Under the agreement, Pakistan had surrendered approximately 5,300 km of territory to China in Pakistan-Occupied Kashmir (PoK) region.
Earlier, elaborating on the provisions of the new law adopted by the NPC last week, Wang said President Xi Jinping signed a decree No. 99 on the same day announcing that the law will come into effect from January 1, 2022.
“This law consists of seven chapters and 62 articles. It stipulates clearly the leadership system and division of duties among different departments as well as between military and civilian authorities,” he said.
“It also offers clear provisions regarding delineation and demarcation of national land boundaries, defence and management of national land boundaries and borders, and international cooperation in national land boundary affairs,” he said.

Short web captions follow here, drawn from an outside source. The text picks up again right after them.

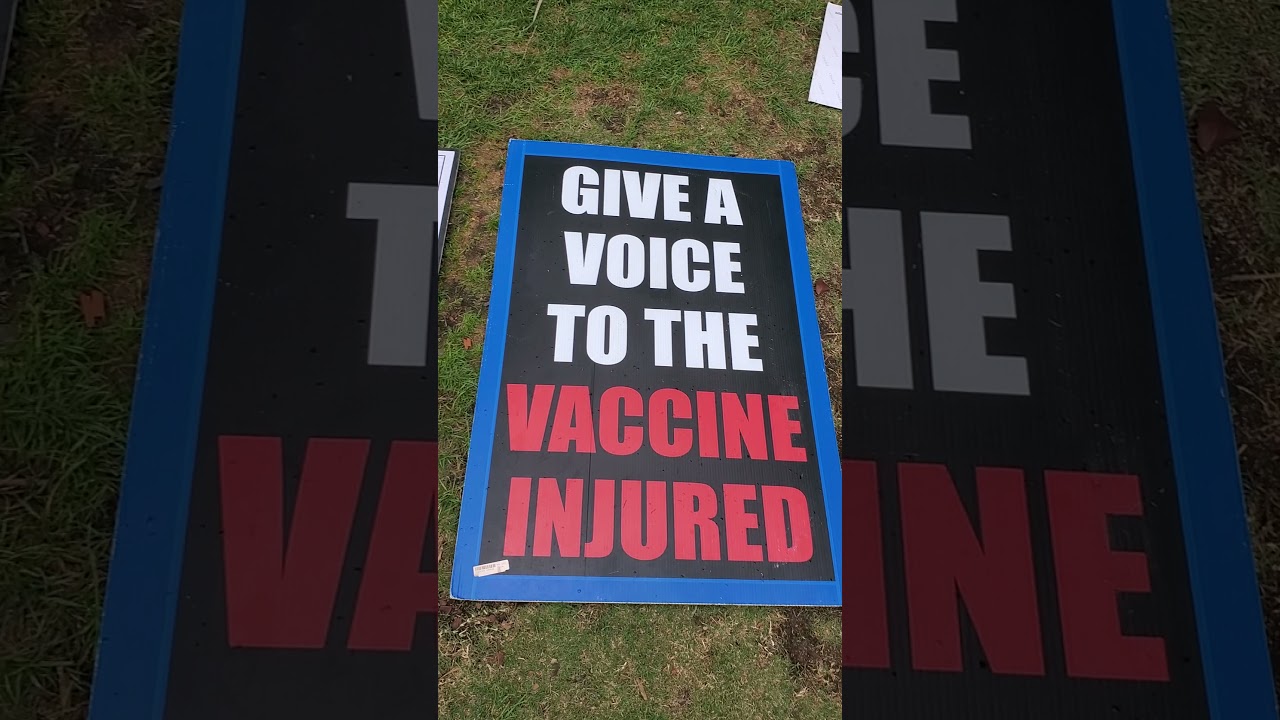 Rally in Santa Monica parents against vaccine mandate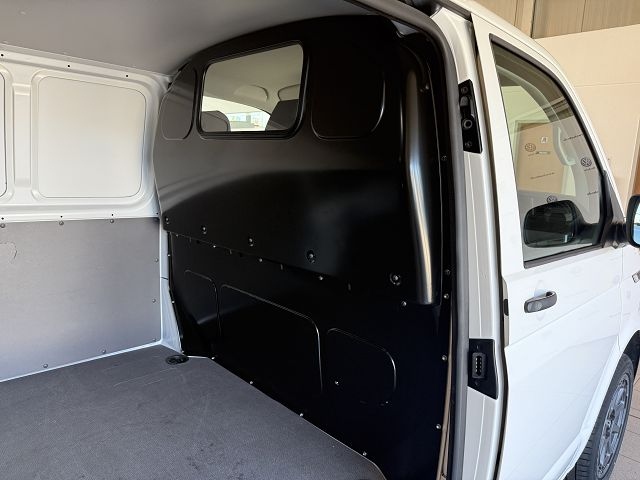 T6.1 Transporter Kasten LR 2.0 TDI SCR *AHK,STHZ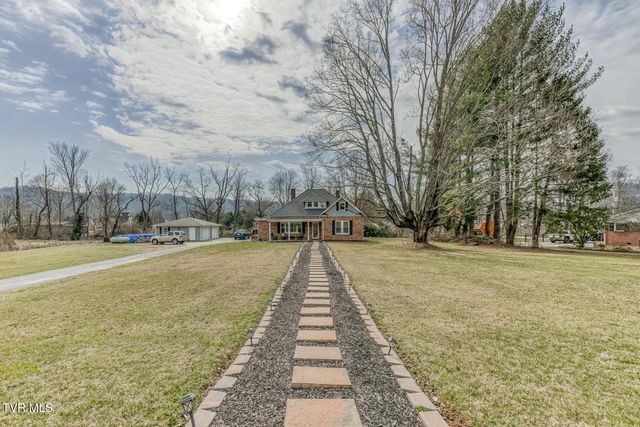 1036 Tennessee 91, Elizabethton, TN 37643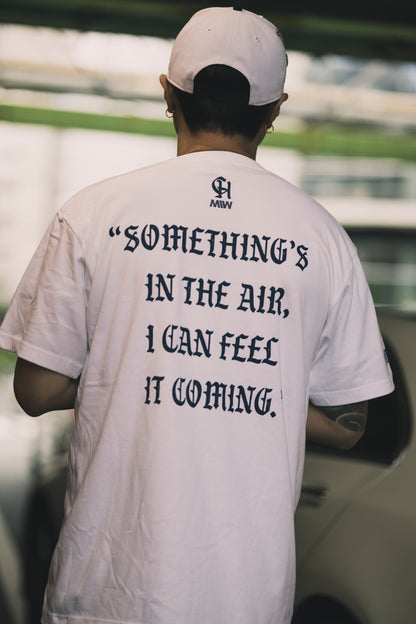 CHEHON × MIW “challenger” TEE WHITE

“China has a land boundary of approximately 22,000 km, with 14 countries. The main purpose for formulating and promulgating this law is to further coordinate, regulate and strengthen boundary management and advance international cooperation in relevant fields,” he said.
Defending China’s move to promulgate the law, he said, “This is an important measure China has taken to implement rule of law and a normal domestic legislative activity. It is in keeping with the practical needs in China’s national boundary work and consistent with international law and practice.”

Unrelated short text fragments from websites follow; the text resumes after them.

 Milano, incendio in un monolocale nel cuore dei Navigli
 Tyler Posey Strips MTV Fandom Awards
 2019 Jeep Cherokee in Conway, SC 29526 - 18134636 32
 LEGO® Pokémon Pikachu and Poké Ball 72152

India and China over the years have worked out a host of agreements to resolve and handle the border differences. These include the Special Representatives mechanism, the Agreement on Political Parameters and Guiding Principles of 2005, the WMCC (Working Mechanism for Consultation and Coordination on India-China Border Affairs) besides protocols and CBMs to ensure peace and tranquillity along the LAC.
India and China have already held 22 rounds of border talks under the framework of the Special Representatives dialogue which was set up to find an early solution to the border dispute.
Both sides have been maintaining that pending the final resolution of the boundary issue, it is necessary to maintain peace and tranquillity in the border areas.
In his statement, the MEA Spokesperson had also said India expects that China will avoid undertaking action under the pretext of this law which could unilaterally alter the situation in the India-China border areas.
China promulgated new land boundary law in the midst of a 17-month border standoff between the two countries in eastern Ladakh.
The eastern Ladakh border standoff between the Indian and Chinese militaries erupted on May 5 last year following a violent clash in the Pangong lake areas and both sides gradually enhanced their deployment by rushing in tens of thousands of soldiers as well as heavy weaponry.
The tension escalated following a deadly clash in Galwan Valley on June 15 last year.
As a result of a series of military and diplomatic talks, the two sides completed the disengagement process in the north and south banks of the Pangong lake in February and in the Gogra area in August.
The last round of military talks on October 10 ended in a stalemate following which both sides blamed each other for the impasse.